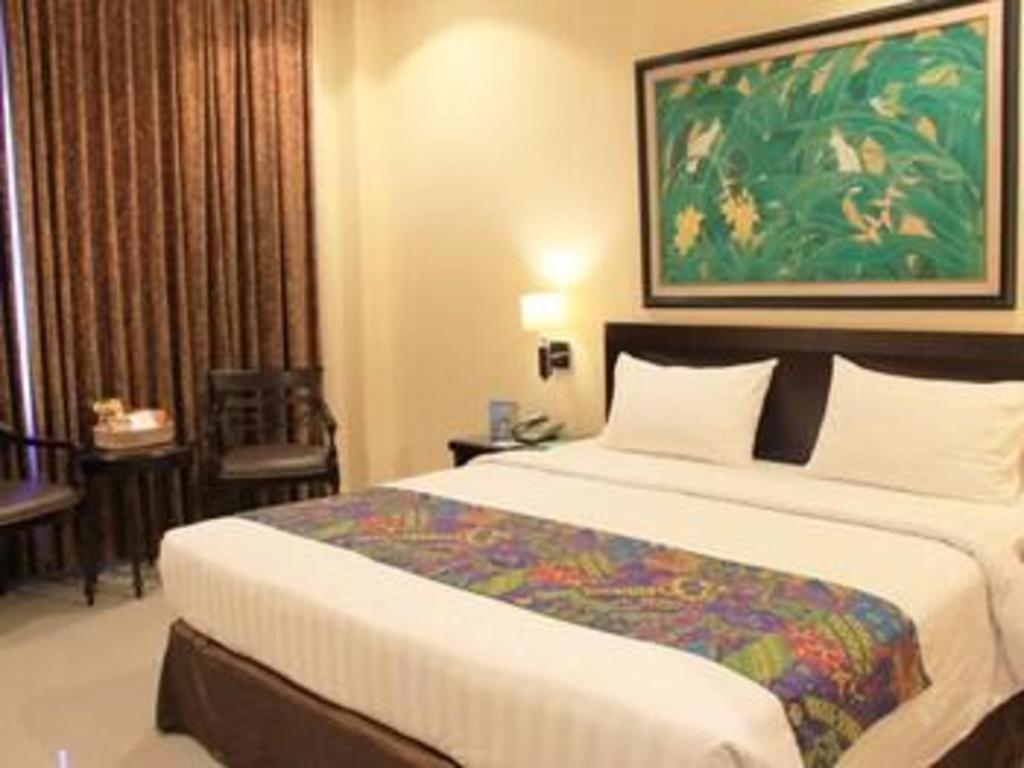 Narita Classic Hotel Surabaya Esterno foto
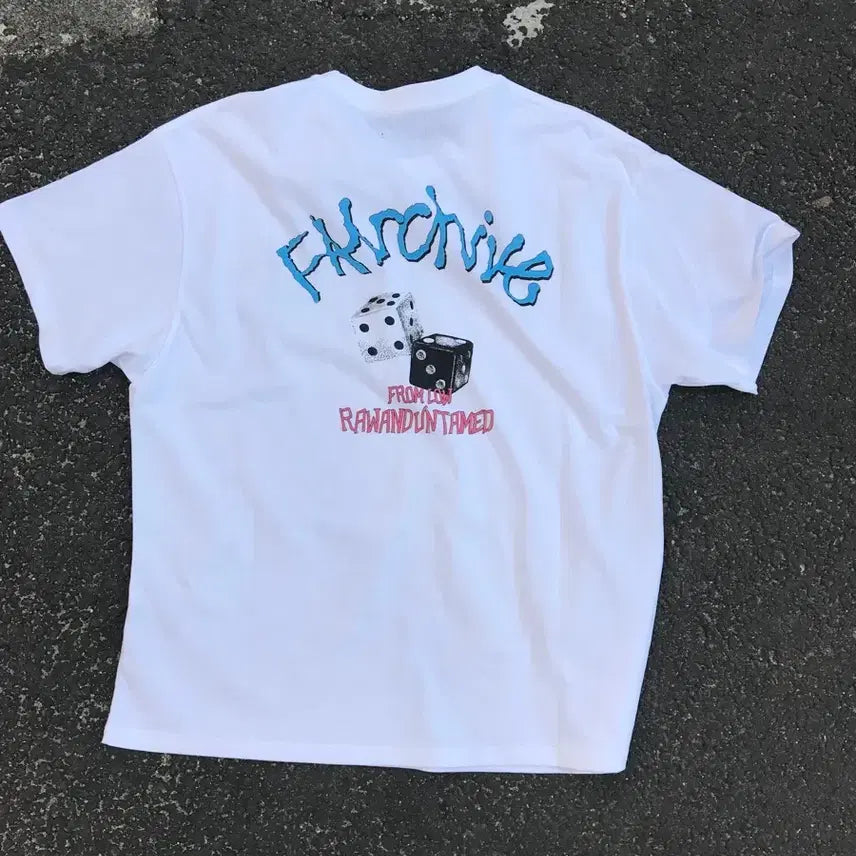 [BUNJANG] Farfromwhat Graffiti Dice Graphic T-Shirt / [1] farfromwhat 그래피티 다이스 그래픽 티셔츠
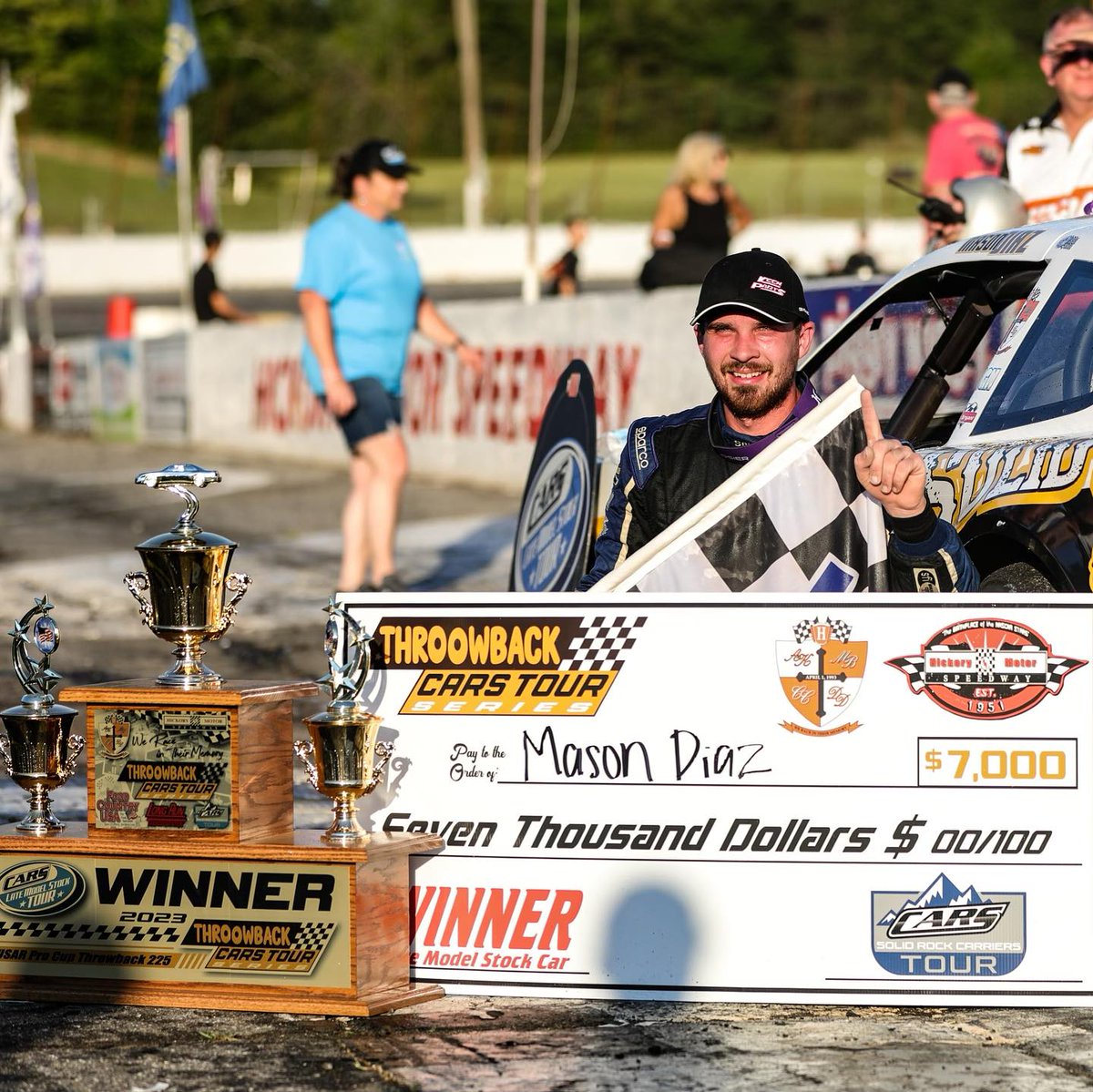RacingProMedia's tweet photo. Breakthrough victory a long time coming for Mason Diaz
#MasonDiaz #KadeBrown #BrendenQueen #CARSTour #Racing #Winner #USARProCup #Throwback225 #HickoryMotorSpeedway #NorthCarolina #LateModel
https://t.co/S4iItULj4i https://t.co/7RZeNJmcOL
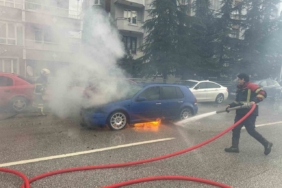 Uşak’ta seyir halindeki otomobil alev aldı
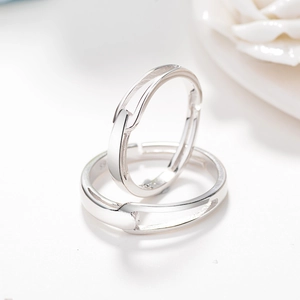 Pair of Mobius S925 sterling silver couple rings with adjustable open band design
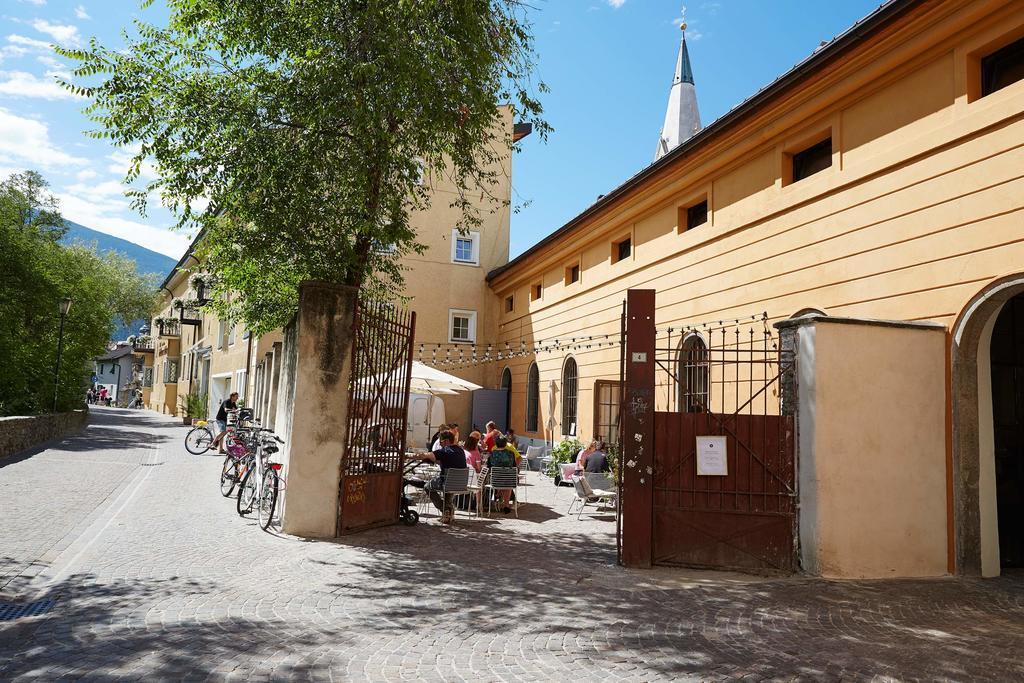 Alter Schlachthof Брессаноне Экстерьер фото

··········

__What you are asked to do__:
Starting at the line that contains "Uşak’ta seyir halindeki otomobil alev aldı", write out every line through the final line of the entries, word for word; skip any pictures.

__Response box__:
 Uşak’ta seyir halindeki otomobil alev aldı
 Pair of Mobius S925 sterling silver couple rings with adjustable open band design
 Alter Schlachthof Брессаноне Экстерьер фото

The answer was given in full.